I've implemented a simple CNN program with Python that can machine learn on the MNIST data set. I've implemented 3 layers:
It's in the ConvPoolLayer that I've implemented mean pooling. Here's the line of code that does mean pooling during forward propagation:
# 'activation' is a numpy array of 3D activations from the convolutional code (not shown here)
skimage.measure.block_reduce(activation, block_size=(1, 1, 2, 2), func=np.mean)
And here's the equivalent back-propagation code:
# delta is a numpy array of 3D error matrices back-propagated from the upper layers
delta = delta.repeat(2, axis=2).repeat(2, axis=3)
All it's doing is just upscaling the error.

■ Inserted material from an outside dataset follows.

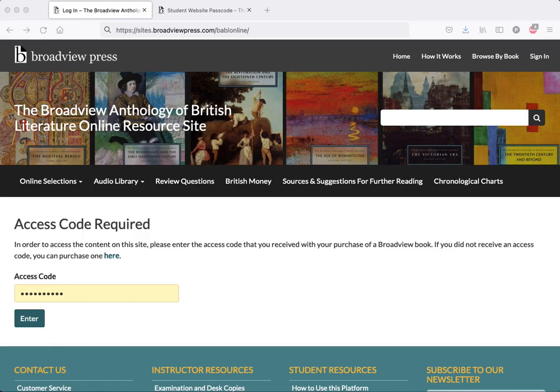I'll give you a quick introduction to how you can access the online resources that come with our textbook, the Broadview Anthology of British Literature. If you purchased a new book, you will find a small card that comes with the new textbook. I would encourage you to take a picture of that card in case you lose it. That card will give you instructions about typing in the website address that you see here.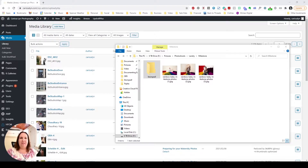Hello everyone, this is Carissa with Summerlin Studios. Today we're going to talk about something that's especially important for photographers when dealing with their website — how to size your images for the web.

My question is, how do I implement the backpropagation for max pooling without loss in performance? Or, is there a better way to do this without a function call? I get around ~90-95% accuracy after a few iterations with mean pooling, so I'd like to see how max pooling affects performance.
If there are any NumPy tricks that can be applied here, I would be glad to learn them. I want to understand myself what happens in a CNN, why things work the way they do, and whether operations can be optimised, so using frameworks isn't an option for me.
Thanks for the help!
[updated] For forward propagation for max pooling use :
skimage.measure.block_reduce(activation, block_size=(1, 1, 2, 2), func=np.max)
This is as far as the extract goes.